Ekonomik sıkıntılar yalnızca gençleri değil, emeklileri de derinden etkiliyor. Türkiye, Avrupa ülkeleri arasında en düşük emekli maaşı veren ikinci ülke konumunda. Emekli maaşları, yıllar içinde enflasyon karşısında eridi ve bugün asgari ücretin bile altında kaldı. Emekliler, hayat pahalılığı ve artan yaşam maliyetleri karşısında geçim sıkıntısı yaşıyor. TÜRK-İŞ’in verilerine göre, dört kişilik bir ailenin açlık sınırı 17 bin 725 lira, yoksulluk sınırı ise 57 bin 736 lira olarak belirlendi. Ancak en düşük emekli maaşı sadece 10 bin lira. Bu rakamlarla, emeklilerin sağlıklı ve insanca bir yaşam sürmesi mümkün değil.

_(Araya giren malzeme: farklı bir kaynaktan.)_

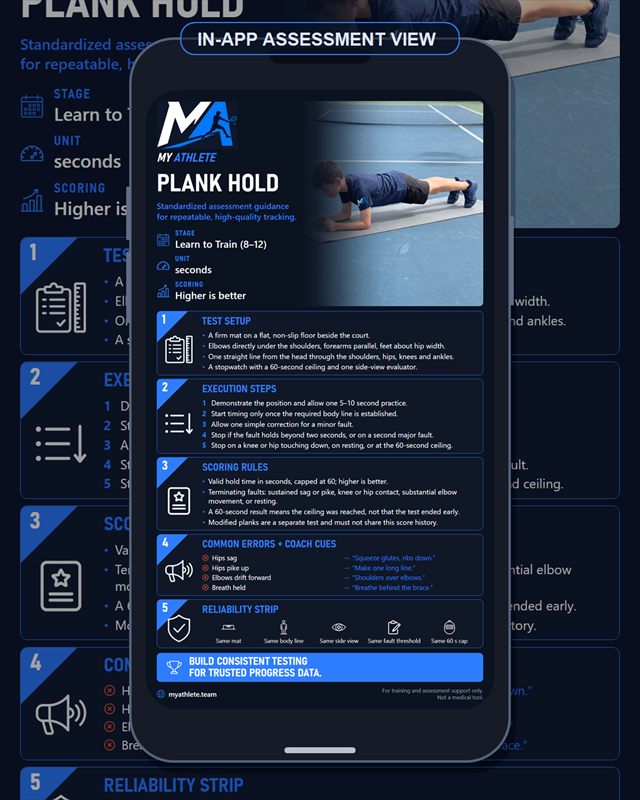 Tennis: Plank Hold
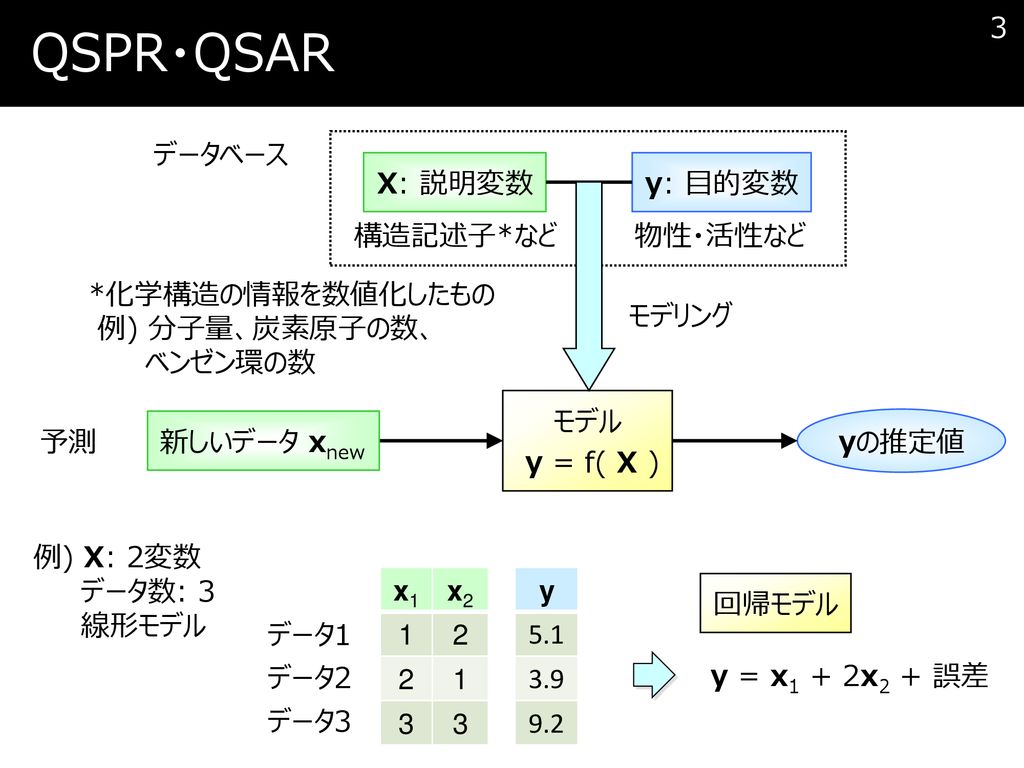QSPR・QSAR データベース X: 説明変数 y: 目的変数 構造記述子*など 物性・活性など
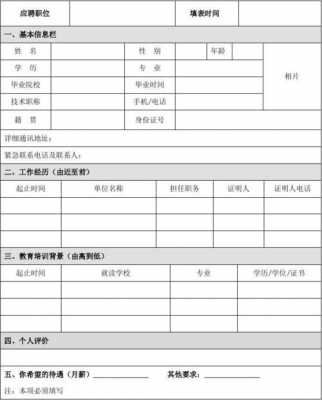 福知数码科技招聘岗位表（福知数码科技招聘岗位表）-图1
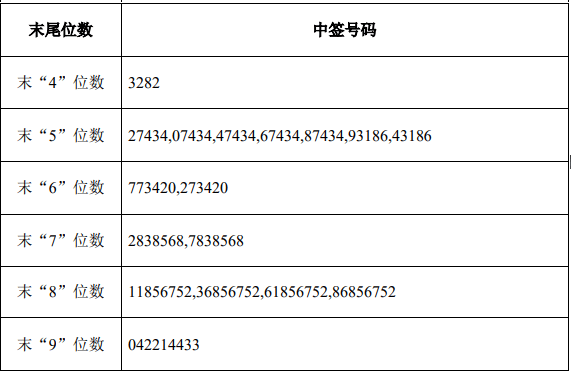 【新股提示】联芸科技公布中签结果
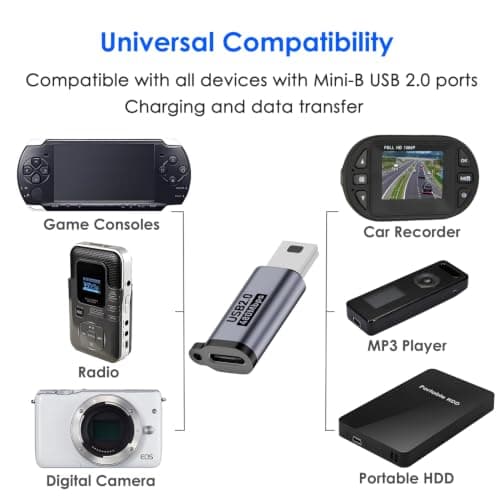 USB C to Mini USB Adapter, Type C Female to Mini USB 2.0 Type-B Adapter — view 4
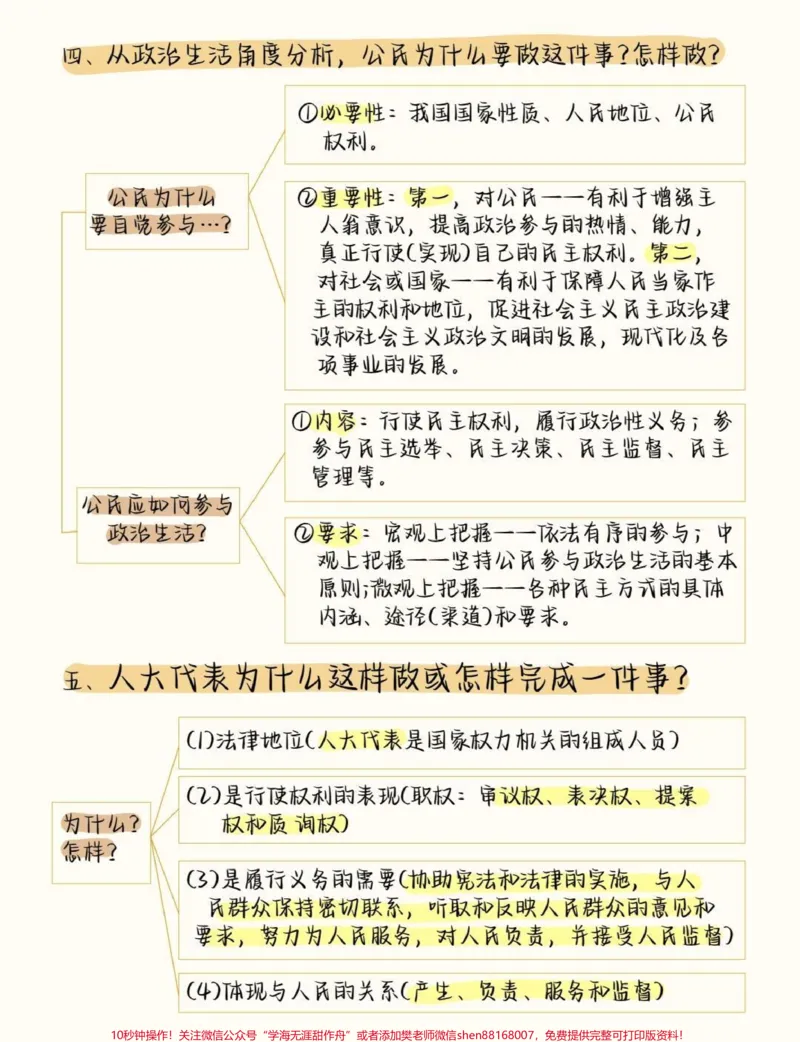 《高中政治考95+必背答题模板，背了考试可以直接用，让你新学期考试如虎添翼#高中政治#高中#知识点总结#图文伙伴计划#qunju888.com图文来了_初中一线老师整理版资源（全网独家）》第5页预览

Ekonomik belirsizlikler ve yüksek yaşam maliyetleri, nüfus artış hızını da olumsuz etkiliyor. Çocuk sahibi olmanın getirdiği mali yükler, genç çiftleri çocuk yapmaktan alıkoyuyor. Çocuğun eğitim masrafları, sağlık giderleri ve genel yaşam maliyetleri, pek çok aile için altından kalkılması zor bir yük haline gelmiş durumda. Özel okulların yıllık ücretleri ve yüksek yuvaya gönderme maliyetleri, çocuk sahibi olmayı lüks haline getiriyor. Bu ekonomik zorluklar, nüfus artış hızının düşmesine ve Cumhurbaşkanı Erdoğan’ın dile getirdiği “varoluşsal tehdit” algısına yol açıyor.

CHP, bu sorunları çözmek için öğretmenler, emekliler ve emekçiler için mitingler düzenliyor. Emeklilerin maaşlarının artırılması ve maaş bağlama oranlarının yükseltilmesi gerektiğini savunuyor. Ancak bu yeterli değil. Asgari ücretin yılda bir kez artırılması kararı da yetersiz kalıyor. Hayat pahalılığı ve geçim sıkıntıları, ancak köklü ekonomik reformlar ve sosyal politikalarla çözülebilir.

Türkiye’nin gerçek gündemi, hayat pahalılığı ve işsizliktir. Yeni anayasa tartışmaları, halkın geçim derdini unutturmamalıdır. İktidarın yapay gündemler yerine, halkın gerçek ihtiyaçlarına odaklanması gerekiyor. Türkiye’nin yeni bir anayasaya değil, demokratik ve laik değerleri güçlendiren, insan hak ve özgürlüklerini genişleten, hukukun üstünlüğünü sağlayan köklü reformlara ihtiyacı var.

Nüfus artış hızını artırmak, gençlere iş imkanı sağlamak ve emeklilerin yaşam koşullarını iyileştirmek için ekonomik istikrar ve güvenin sağlanması gerekiyor. Bu, ancak tutarlı ve sürdürülebilir politikalarla mümkün olabilir. Türkiye’nin geleceği, kısa vadeli çözümler ve yapay gündemlerle değil, halkın gerçek ihtiyaçlarına odaklanan politikalarla şekillenecektir.